*Task to complete*
Repeat each entry word for word; the images are not part of the copy.
--*--
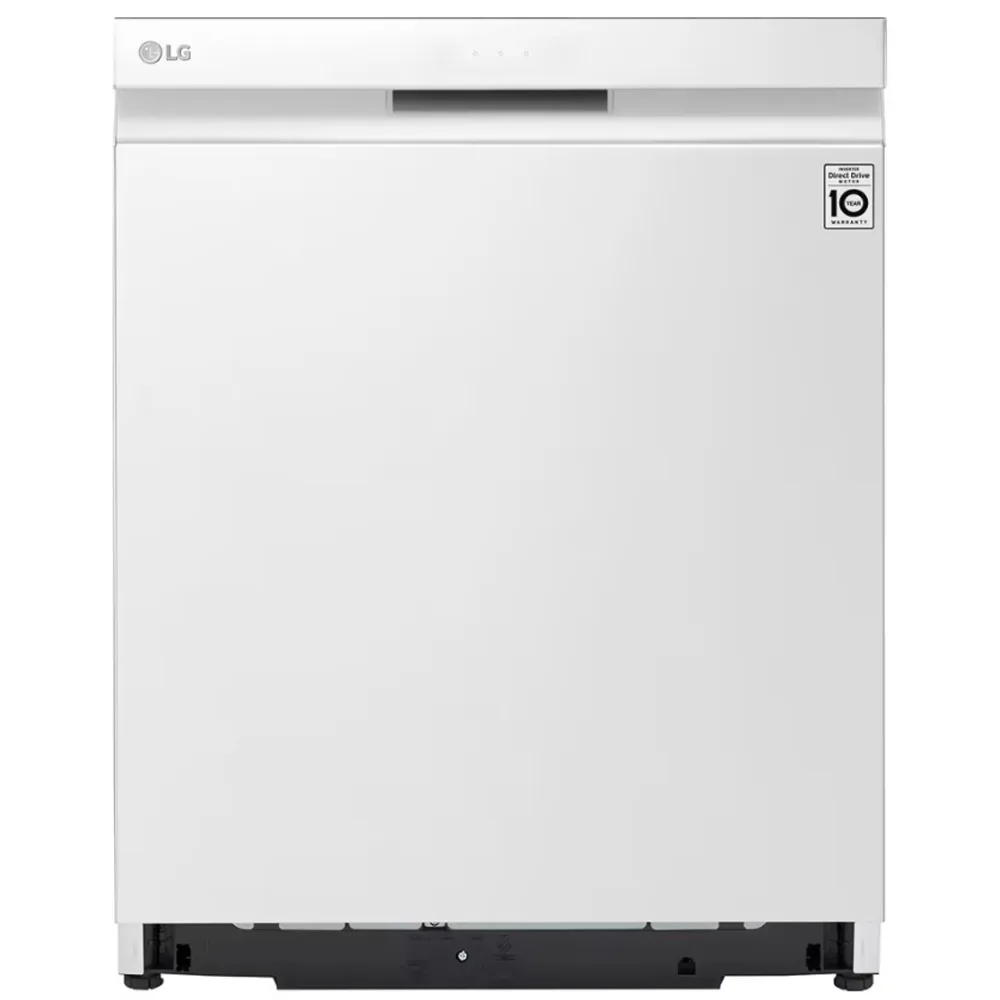 Diskmaskin LG SDU557HW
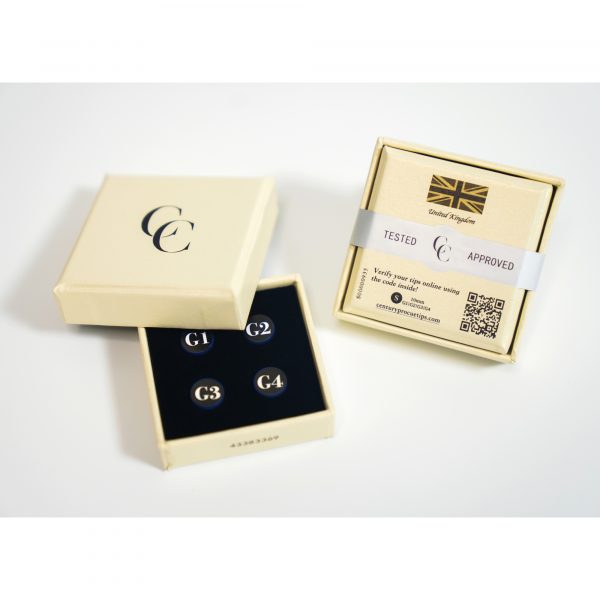 Century Snooker Tip | 1741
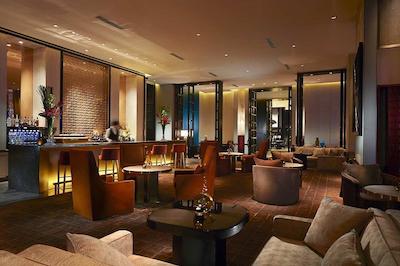 والدرف استوریا بیجینگ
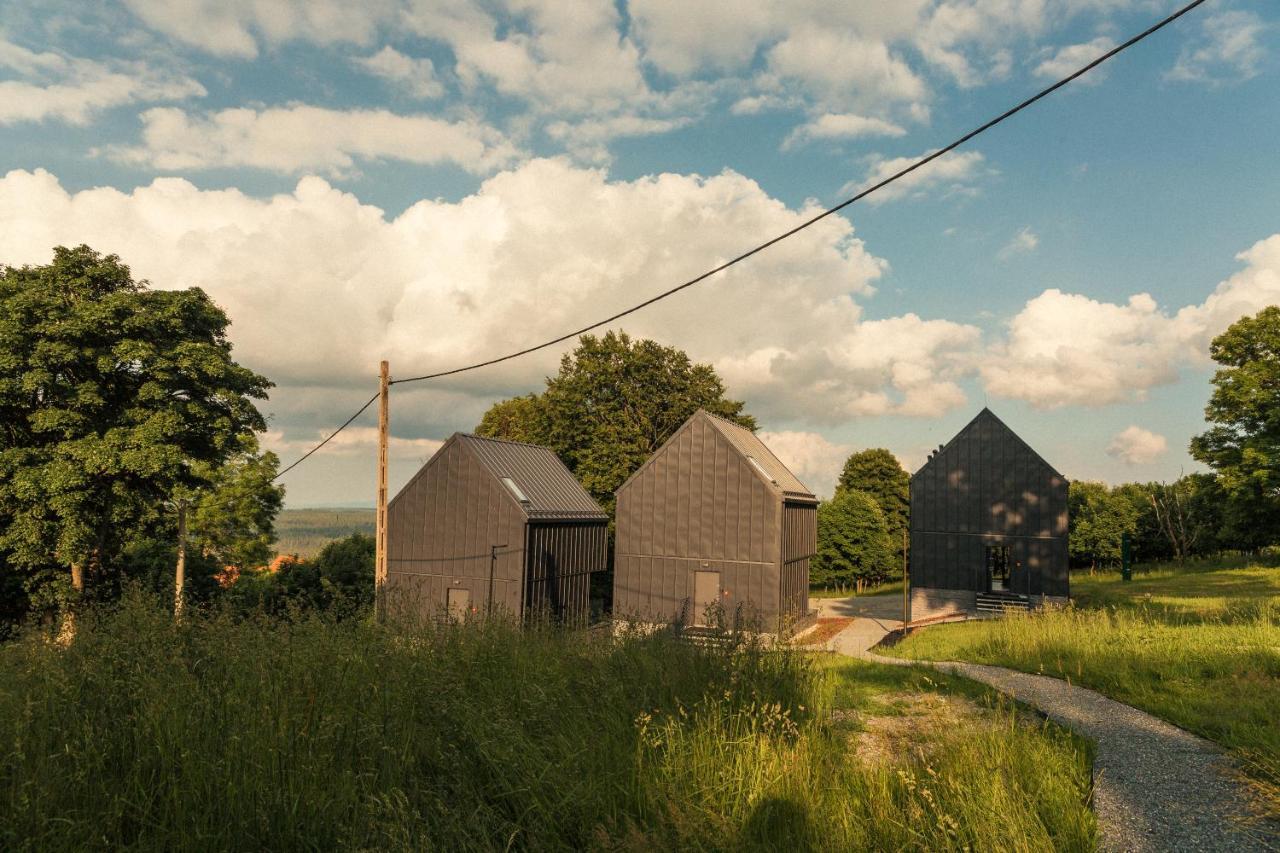 Campo Resort Duszniki Zdrój Kültér fotó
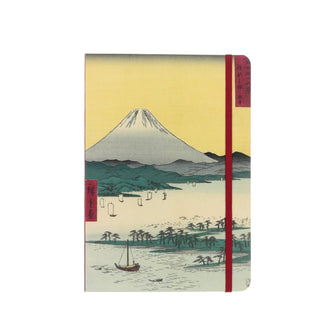 A5 Notebook 'Utagawa Hiroshige'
--*--
*Solution to this task*
 Diskmaskin LG SDU557HW
 Century Snooker Tip | 1741
 والدرف استوریا بیجینگ
 Campo Resort Duszniki Zdrój Kültér fotó
 A5 Notebook 'Utagawa Hiroshige'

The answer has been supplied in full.